*** Begin section ***
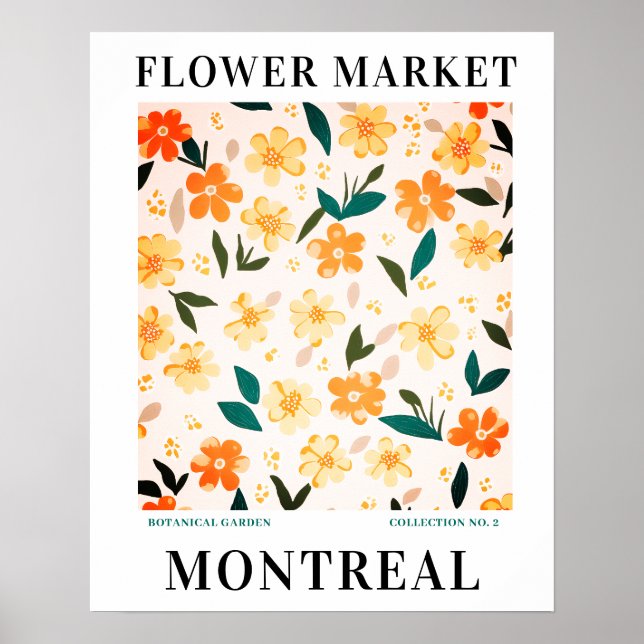Montrealblommor från den moderna blomstermarknaden poster (Framsidan)
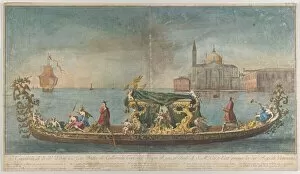 Trumpet Gallery: The highly ornamented second gondola of Ambassador Giovanni Battista Colloreado enterin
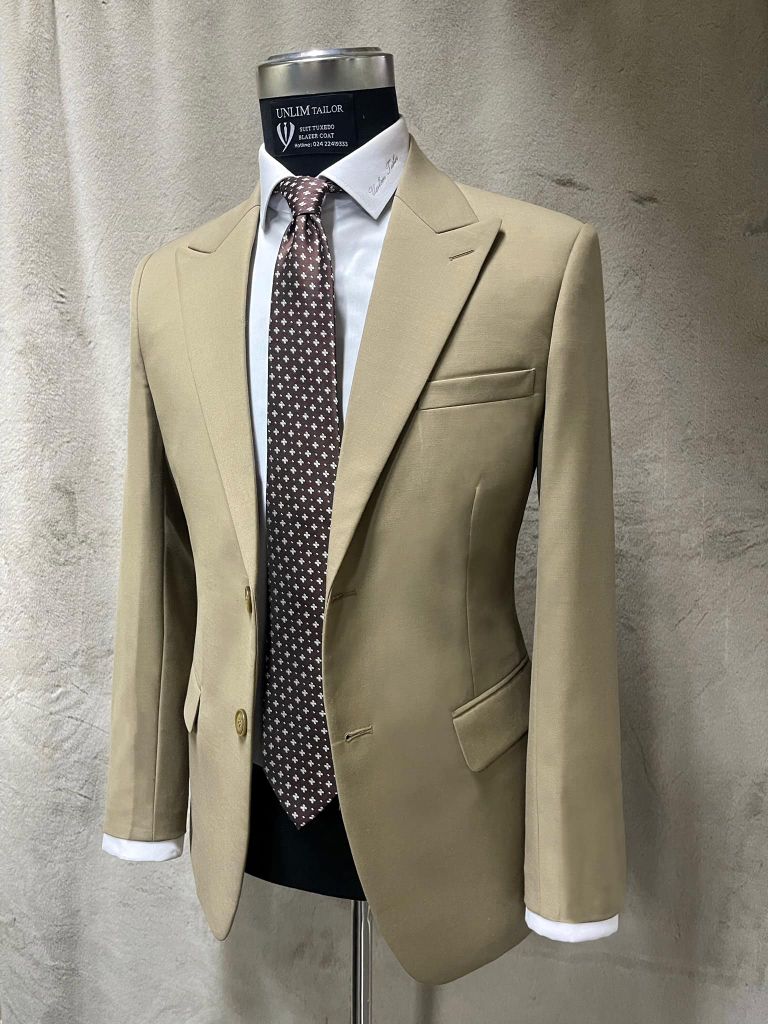 Suit Be Cổ Nhọn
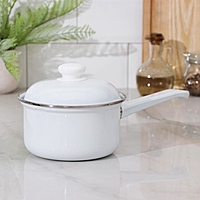 Ковш 1 л  б/деколи, пл. ручка, цил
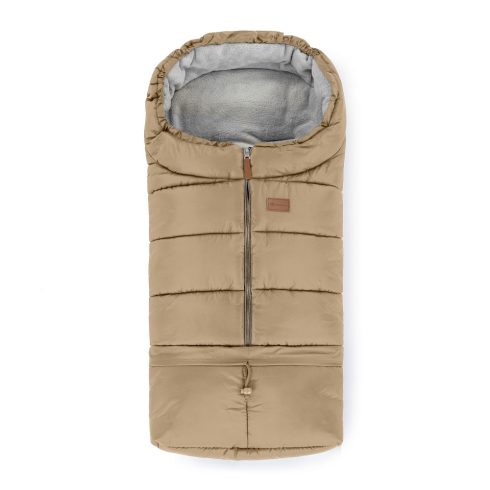 PETITE&MARS Téli szett Jibot 3in1 bundazsák + kézmelegítő kesztyű babakocsira - Jasie Sweet Toffee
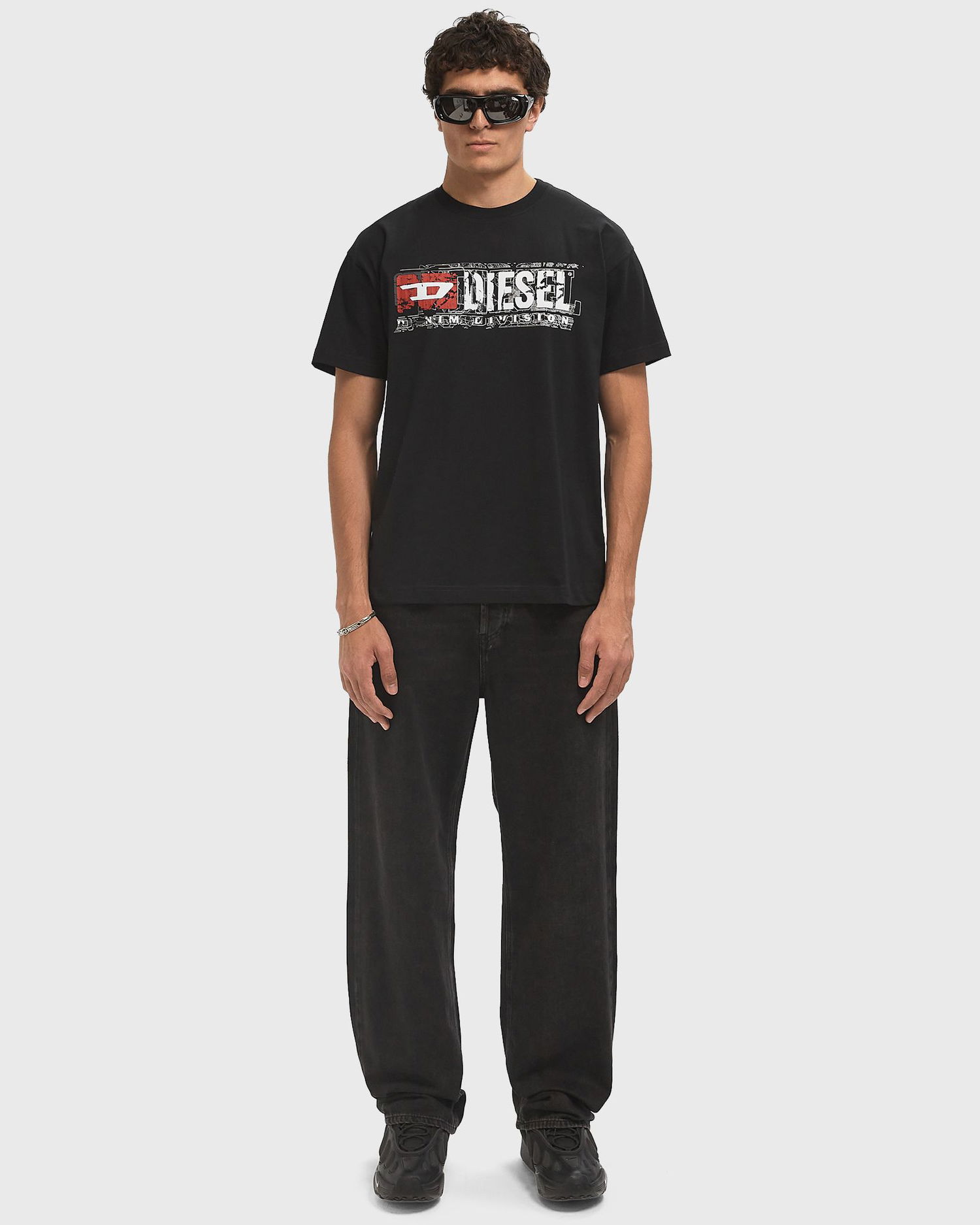 Majica kratkih rukava Diesel T-Shirt Norm Crna | A19436-0PLAT-9XX, 1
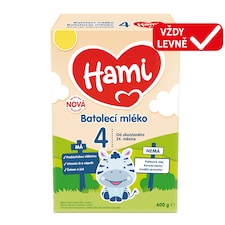 HAMI 4 batolecí mléko 600g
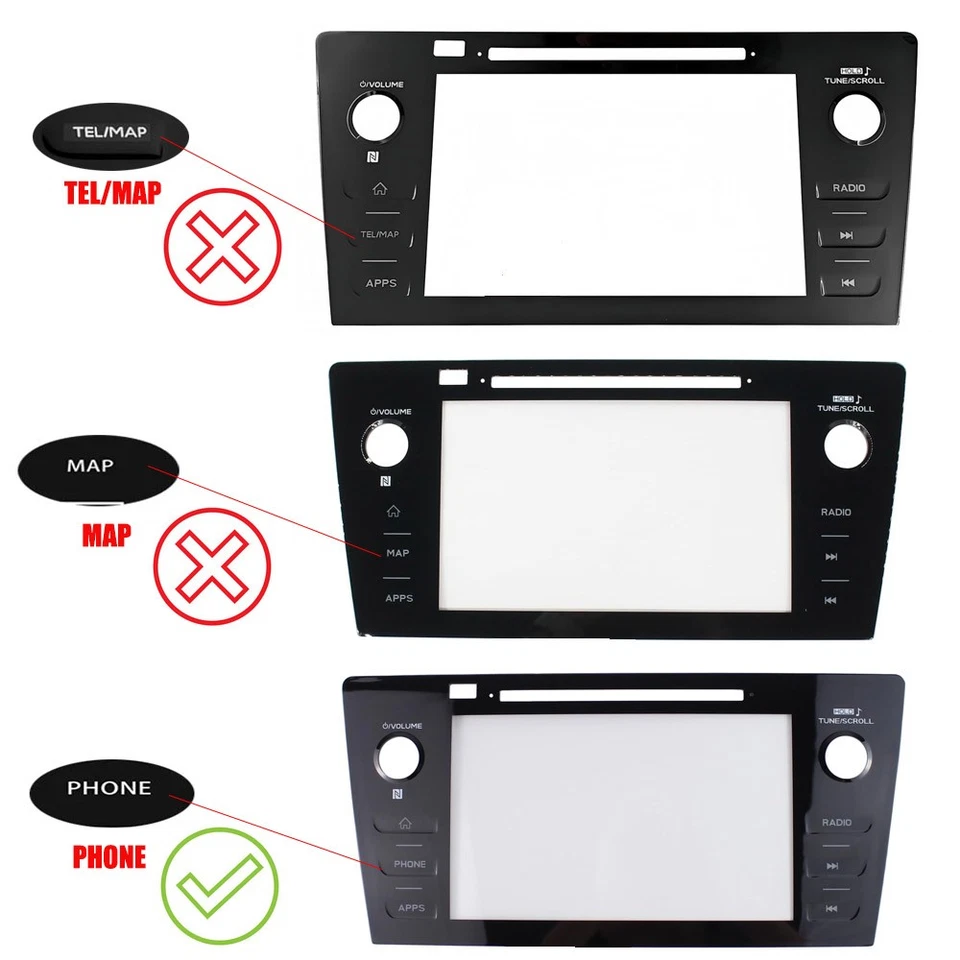 Radio digitalizador de pantalla táctil (teléfono) para Subaru Legacy & Outback 2018 2019 Foto 2 de 4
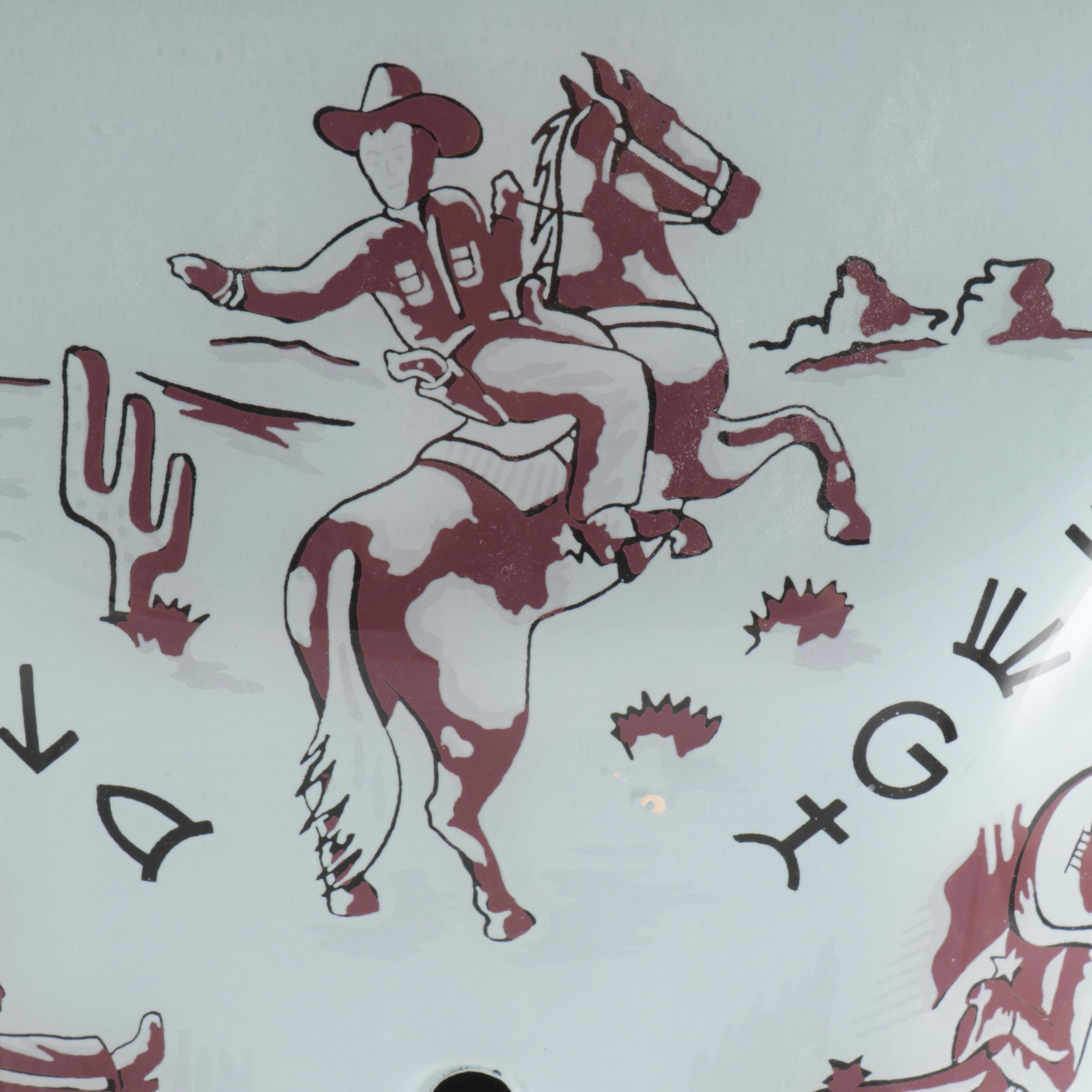 Celestial Glass with Western Square Glass Ceiling Light Shades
*** End section ***
## WHAT THE TASK REQUIRES
From the line that contains "HAMI 4 batolecí mléko 600g" to the end of the material above, output every line exactly, both ends included, but leave out any pictures.

## RESPONSE TO THIS TASK
 HAMI 4 batolecí mléko 600g
 Radio digitalizador de pantalla táctil (teléfono) para Subaru Legacy & Outback 2018 2019 Foto 2 de 4
 Celestial Glass with Western Square Glass Ceiling Light Shades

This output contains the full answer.